Imagine signing up to a market-leading internet provider, only to discover sometime later that not only were other companies offering better deals, but your provider hadn’t exactly broken its back to invest in high-speed connectivity.
Who cops to the blame? Is it deceitful, or just bad service? Or is the onus on the customer to check the fine print?
Internet providers, of course, are not held to a fiduciary standard – but the scenario bears some similarities to the raft of litigation against brokerages over the interest rates they pay on cash clients hold in investment advisory accounts.
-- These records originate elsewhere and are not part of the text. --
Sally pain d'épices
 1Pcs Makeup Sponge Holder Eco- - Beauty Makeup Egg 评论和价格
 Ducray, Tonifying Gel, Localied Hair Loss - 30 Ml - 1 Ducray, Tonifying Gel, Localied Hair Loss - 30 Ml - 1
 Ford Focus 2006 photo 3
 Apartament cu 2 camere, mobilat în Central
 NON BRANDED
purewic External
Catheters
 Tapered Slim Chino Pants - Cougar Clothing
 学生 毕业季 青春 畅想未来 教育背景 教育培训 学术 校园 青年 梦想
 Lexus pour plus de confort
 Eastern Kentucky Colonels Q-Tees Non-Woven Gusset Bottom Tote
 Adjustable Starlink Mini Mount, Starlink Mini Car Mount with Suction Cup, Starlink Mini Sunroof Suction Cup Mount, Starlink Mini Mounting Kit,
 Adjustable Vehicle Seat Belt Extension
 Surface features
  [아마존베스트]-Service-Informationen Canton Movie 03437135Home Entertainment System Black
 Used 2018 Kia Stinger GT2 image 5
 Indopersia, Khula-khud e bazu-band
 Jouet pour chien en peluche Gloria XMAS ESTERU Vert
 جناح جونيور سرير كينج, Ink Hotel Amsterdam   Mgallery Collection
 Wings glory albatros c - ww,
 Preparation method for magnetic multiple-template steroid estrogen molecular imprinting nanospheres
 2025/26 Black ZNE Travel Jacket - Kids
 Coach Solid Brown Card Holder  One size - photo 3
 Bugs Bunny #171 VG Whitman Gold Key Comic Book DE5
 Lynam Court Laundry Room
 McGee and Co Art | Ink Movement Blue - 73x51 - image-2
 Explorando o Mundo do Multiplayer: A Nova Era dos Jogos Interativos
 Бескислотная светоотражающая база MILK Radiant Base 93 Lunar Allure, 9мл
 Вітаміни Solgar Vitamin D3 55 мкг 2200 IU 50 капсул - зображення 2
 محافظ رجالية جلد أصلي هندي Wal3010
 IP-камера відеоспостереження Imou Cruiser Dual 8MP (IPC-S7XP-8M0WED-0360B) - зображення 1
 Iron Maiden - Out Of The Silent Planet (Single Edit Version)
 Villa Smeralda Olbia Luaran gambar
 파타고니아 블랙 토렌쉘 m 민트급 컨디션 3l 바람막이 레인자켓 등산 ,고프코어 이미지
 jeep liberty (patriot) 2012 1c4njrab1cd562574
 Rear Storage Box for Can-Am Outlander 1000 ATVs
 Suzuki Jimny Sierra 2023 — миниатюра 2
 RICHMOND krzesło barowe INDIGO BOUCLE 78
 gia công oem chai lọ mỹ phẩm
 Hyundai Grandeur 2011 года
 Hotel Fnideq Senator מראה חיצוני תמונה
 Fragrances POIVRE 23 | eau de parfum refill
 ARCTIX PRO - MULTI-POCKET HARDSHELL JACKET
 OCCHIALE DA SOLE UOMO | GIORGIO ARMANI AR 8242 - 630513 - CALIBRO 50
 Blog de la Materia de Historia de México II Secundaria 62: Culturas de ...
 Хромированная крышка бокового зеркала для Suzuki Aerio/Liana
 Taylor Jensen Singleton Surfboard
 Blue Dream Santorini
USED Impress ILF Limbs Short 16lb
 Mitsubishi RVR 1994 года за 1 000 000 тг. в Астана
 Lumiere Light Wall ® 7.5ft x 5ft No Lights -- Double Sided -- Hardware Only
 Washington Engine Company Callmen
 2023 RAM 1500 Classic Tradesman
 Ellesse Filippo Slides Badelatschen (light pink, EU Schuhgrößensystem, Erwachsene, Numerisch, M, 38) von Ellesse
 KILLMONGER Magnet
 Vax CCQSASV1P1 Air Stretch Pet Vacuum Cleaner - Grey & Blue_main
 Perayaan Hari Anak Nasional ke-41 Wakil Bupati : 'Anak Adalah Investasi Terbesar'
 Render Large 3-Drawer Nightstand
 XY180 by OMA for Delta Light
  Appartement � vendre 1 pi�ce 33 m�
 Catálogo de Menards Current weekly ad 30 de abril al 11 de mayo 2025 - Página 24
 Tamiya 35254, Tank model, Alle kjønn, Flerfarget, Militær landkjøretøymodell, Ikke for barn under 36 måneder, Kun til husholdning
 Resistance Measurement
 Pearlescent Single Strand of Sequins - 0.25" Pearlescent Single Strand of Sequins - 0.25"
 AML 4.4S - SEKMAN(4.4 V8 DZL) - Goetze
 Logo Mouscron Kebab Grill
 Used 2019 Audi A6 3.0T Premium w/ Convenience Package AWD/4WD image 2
The allegations claim that firms violated their fiduciary duty by providing relatively low rates on cash sweep accounts, while making large spreads on the money. Another line of the litigation accuses companies of failing to adequately disclose to clients that they had higher-yielding options available for their cash.
At the time of writing, and as reported by InvestmentNews, Wells Fargo, LPL, Merrill Lynch, Morgan Stanley, and Ameriprise were all facing lawsuits over their cash sweep rates, while the SEC was seeking “information” about certain Morgan Stanley accounts and investigating Wells Fargo. Wells Fargo and Morgan Stanley responded by changing the pricing for its cash sweep accounts.
No one cared much about these accounts when the federal funds rate was in the near-zero range, but the post-COVID spike to more than five percent has highlighted a disparity. Recent lawsuits against Wells Fargo cite its cash sweep rates in the 0.35 percent to 2.2 percent range, depending on the size of the account, comparing this unfavourably to sweep rates at Vanguard and Interactive Brokers of 4.6 percent and 4.83 percent respectively.
Low cash-sweep rates can undoubtedly generate significant revenue for these firms, who hold billions of dollars in these accounts. Are these cases of firms hiding the price tag, or are clients simply not paying enough attention? Success for the plaintiffs is hard to imagine if these rates were adequately disclosed.
The money held in these advisory accounts, unlike in brokerage accounts that fall under Regulation Best Interest (Reg BI), are held to a higher fiduciary standard. In this case, whether the firms violated this duty may depend on what exactly the relationship with the client was and whether a financial advisor was involved.
Of course, one firms is not obliged to offer higher rates just because another firm is, the argument being that these are designed to be transitory accounts and that generating revenue from them is simply smart business. But are clients getting fairly rewarded and are they being presented with the full range of options as to where to park their cash? Is this a case of clients being defrauded or just getting the rough end of sub-optimal service? These are all questions the allegations pose. One thing is for sure: cash sweep rates are now on everyone’s radar – and clients will be paying extra-close attention.